• _PROMPT_:
In this exercise, retype exactly the lines from the start of the entries through the line bearing "Taylors & Company", leaving every picture out.
--
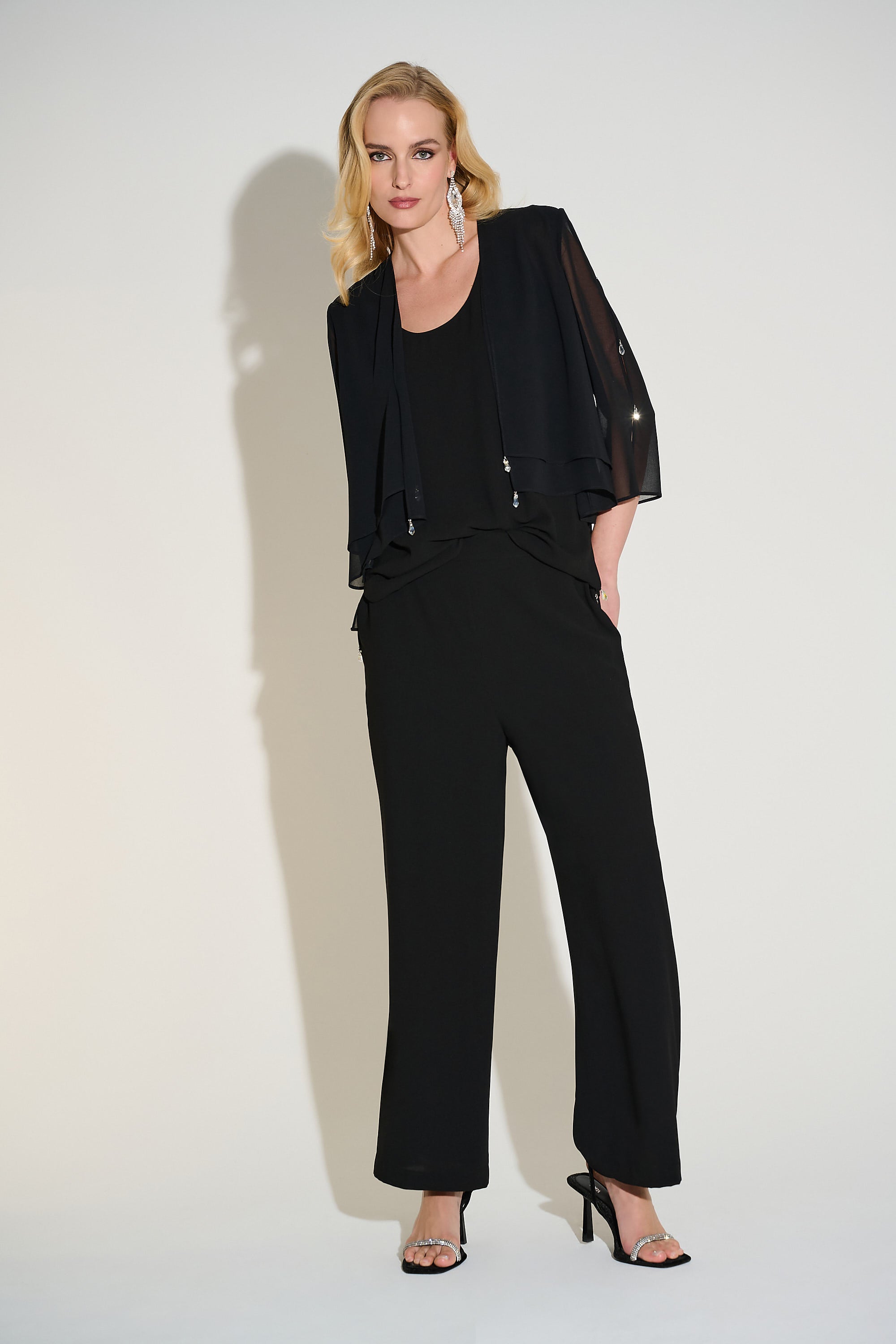 Joseph Ribkoff Signature Georgette Straight Leg Pants 253756 - Black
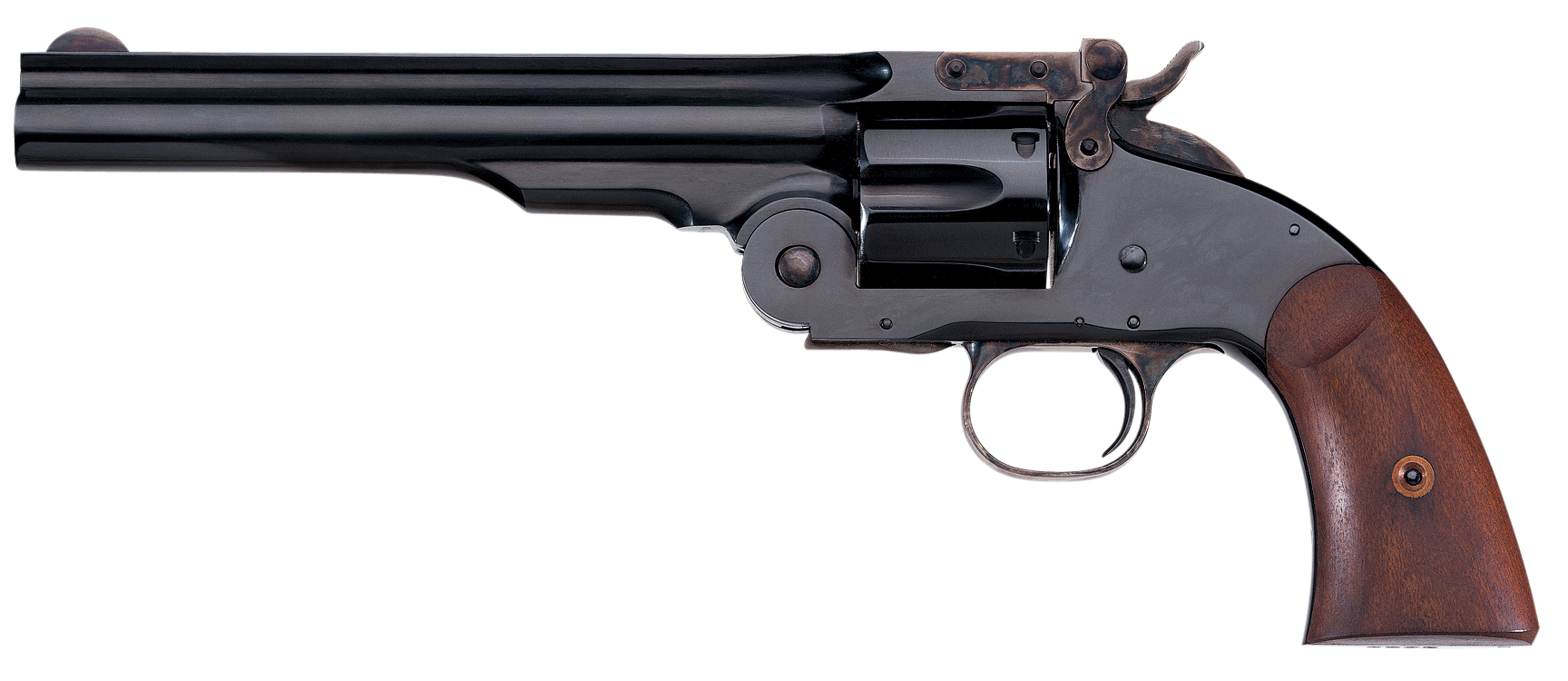Taylors & Company 550677 Second Model Schofield 38 Special Caliber with 7" Barrel, 6rd Capacity Cylinder, Overall Blued Finish Steel & Walnut Grip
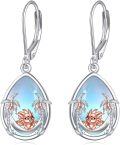 wholesale 925 Sterling Silver Teardrop Moonstone Sloth Dragon Turtle Dog Drop Earrings-0-0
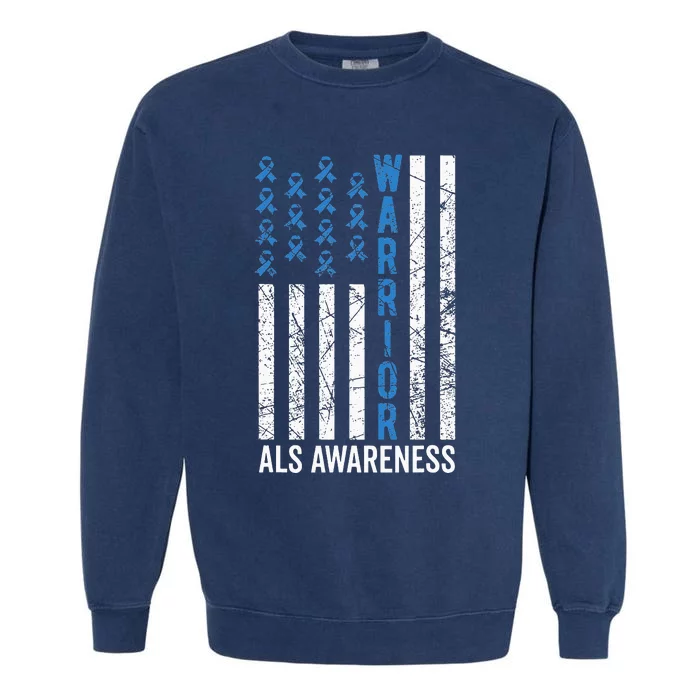 Blue Warrior For  & ALS Awareness Garment-Dyed Sweatshirt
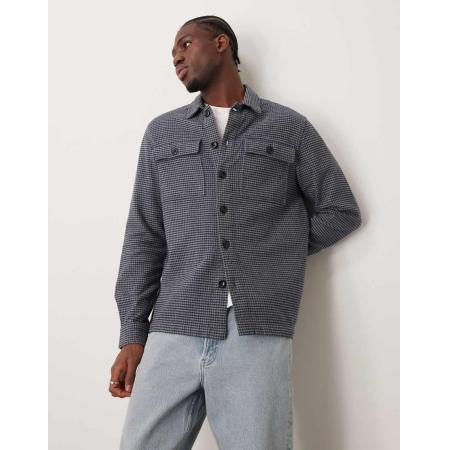 New Look - Overshirt met pied-de-poule ruitjes in middengrijs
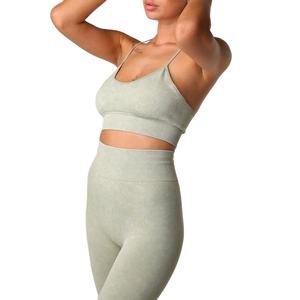 Conjunto de Shorts de Yoga de 2 Piezas para Mujer, Casual, Sólido, de Manga Corta, 100% Algodón, Transpirable, Ecológico, Talla Grande, al por Mayor - Product Image 4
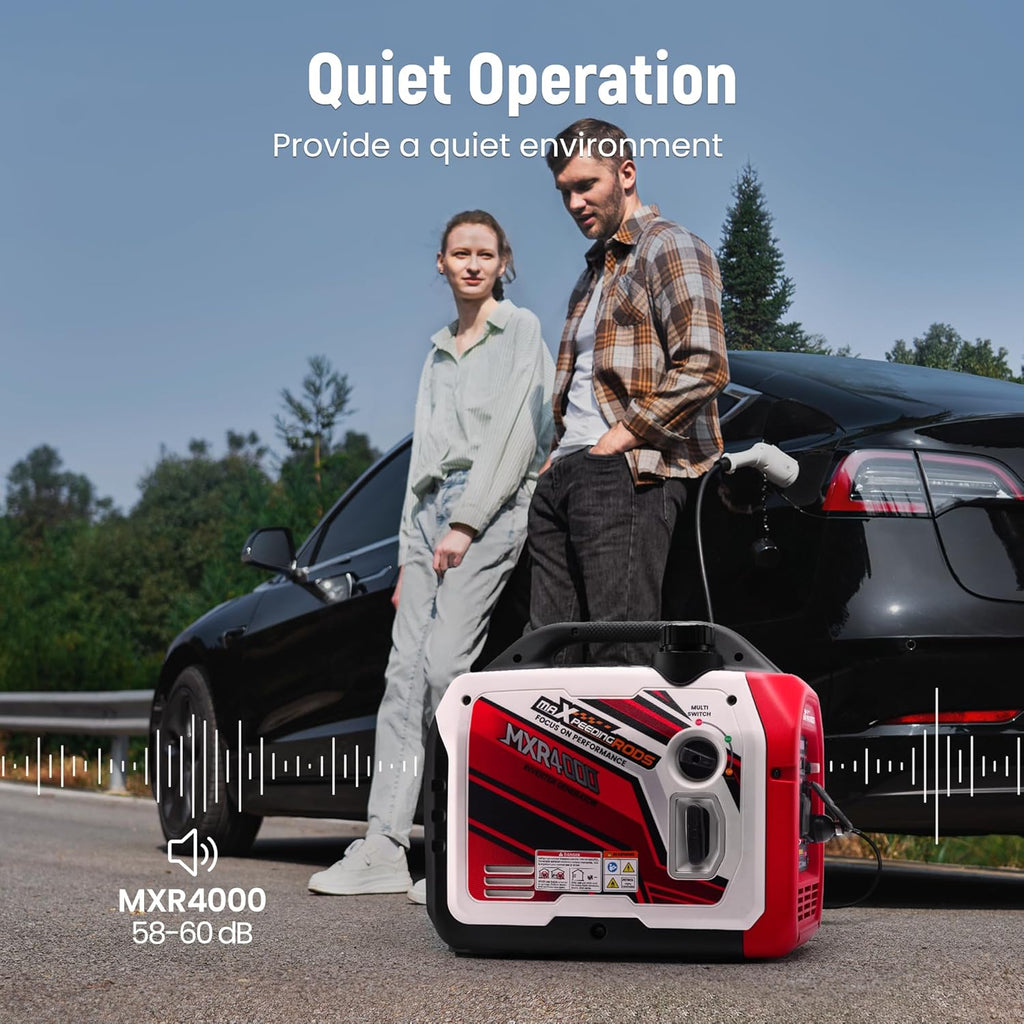maXpeedingrods 4000 Watt Portable Inverter Generator Gas Powered, with CARB Compliant, App Remote Data Monitor, Compact and Lightweight for Outdoor Camping, Family Power Failure in Extreme Weather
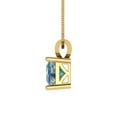 thumbnail image 3 of 3.0 ct princess cut blue moissanite 14k yellow hypoallergenic Solid gold Designer Everyday Affordable Dainty Necklace Pendant + 18" hypoallergenic Solid gold chain, 3 of 6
--
• _REPLY_:
 Joseph Ribkoff Signature Georgette Straight Leg Pants 253756 - Black
Taylors & Company 550677 Second Model Schofield 38 Special Caliber with 7" Barrel, 6rd Capacity Cylinder, Overall Blued Finish Steel & Walnut Grip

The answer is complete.